HB300 became the Texas Medical Privacy Law in September 1st of 2012 significantly expanding the definition of covered entities and provided state level enforcement and over site of the HIPAA rule above and beyond Federal requirements.
Spohn has experienced, professional security consultants, and auditors to help your organization avoid the penalties for non-compliance law the HIPAA rule and the 77 security audit protocols as well as the 88 provisions for privacy and breach. Did you you know “Addressable” was as much pass/fail criteria for a audit is “Required”? We have years of experience and a proven track record of success! Contact Spohn for more information on HIPAA, HITECH or Texas Medical Privacy Law Audits Call 512-685-1837.
What is HIPAA Compliance?
HIPAA Compliance is not HIPPA Compliance – the acronym is Health Insurance Portability and Accountability Act (HIPAA) but if you got it wrong don’t feel bad, many miss type it and we have even gotten calls from those looking for a HIPPO Audit as in hippopotamus!
Compliance is not a certification you can hang on a wall – there is no gold or silver sealed document proclaiming “ABC Hospital, San Antonio, Texas has been awarded HIPAA Certification number 1234567890” such a thing does not exist. Its not like PCI where you can go to a site, pay $200, click a button that will scan your external IP addresses and send you a report and document declaring you are safe to engage in business.
HIPAA Compliance does not equal network or data security.
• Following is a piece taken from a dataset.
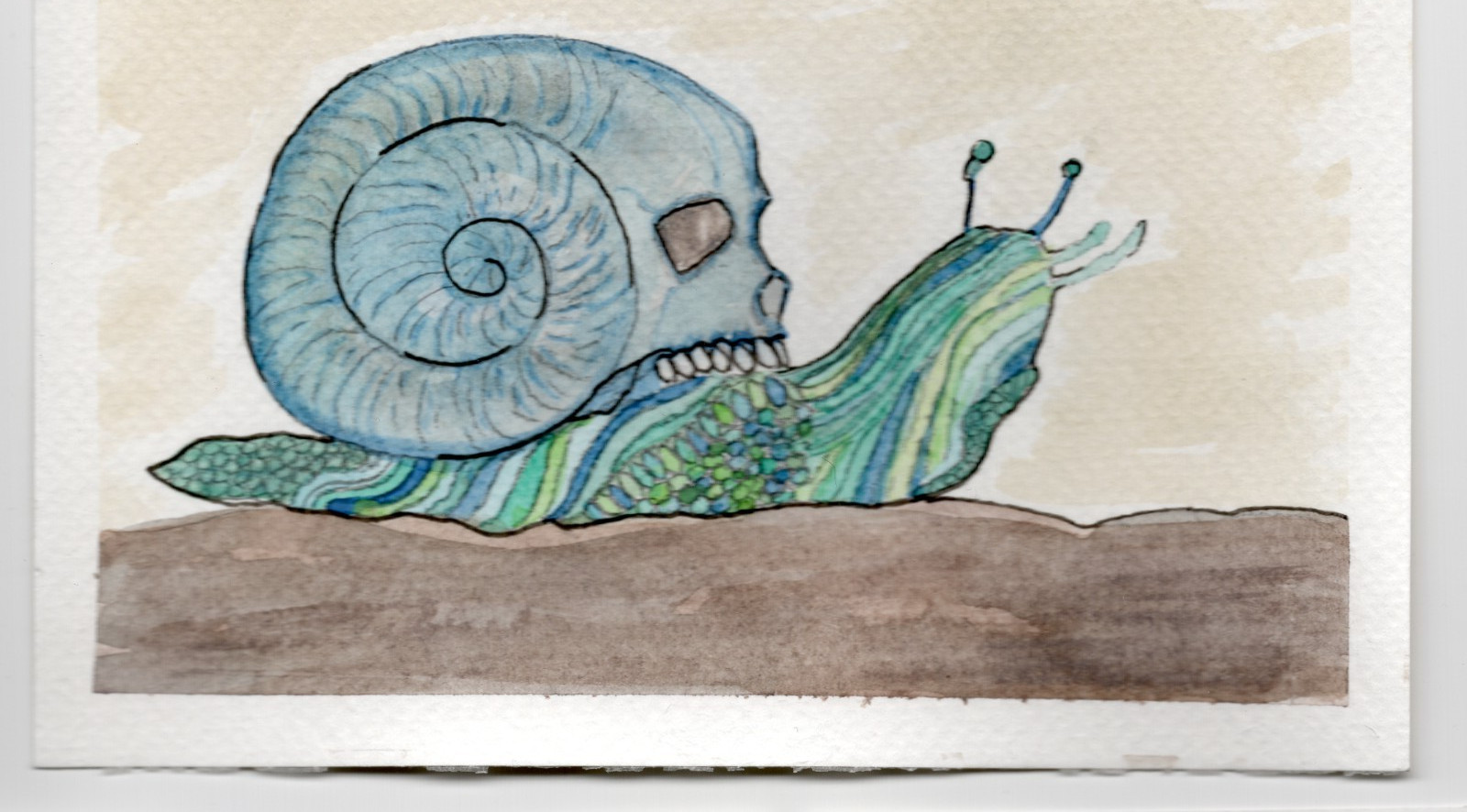 ACEO Limited Edition Art Print Nature Numbered Prints Watercolor Ink 1 of 12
Both network and data security by most definitions focus on technical countermeasure and tools; HIPAA is much more policy and procedure based.
Compliance does not mean you automatically comply with Texas HB 300 (Texas Medical Privacy Law) or California Medical Privacy Laws and comes nowhere near addressing Florida’s FIPA Privacy Law; all three make the question of who needs to be; what it takes to be HIPAA compliant more complex; and more costly should you fail to meet compliance requirements and/or expands who is a BAA or changes reporting requirements or time tables.
HIPAA compliance is generally considered and refers to the adherence to or conforming to the provisions of the HIPAA Security Rule…77 sections of language that provide little clarification – Sec. 164.308 – Administrative safeguards, Sec. 164.310 – Physical safeguards Sec. 164.312 – Technical safeguards…with ambiguous language like “Protect against any reasonably anticipated uses or disclosures” or “Ensure compliance with this subpart by its workforce” or “Take all reasonable measure to ensure the security of data in transit” and terms like addressable which sounds optional but is mandatory.
Compliance is tricky and very complex – that is why we employ a team of experienced auditors and security consultants to produce a HIPAA Compliance Assessment report and detailed Opinion report mapping out your adherence to the HIPAA Security rule, to what level and how to achieve complete compliance (remediation) or the likelihood of compromise should you choose to accept the risk.
Our reports will not have a gold or silver emblem of “HIPAA Compliance”, but they do contain detailed actionable information about your compliance level and the road map to reach you compliance goals.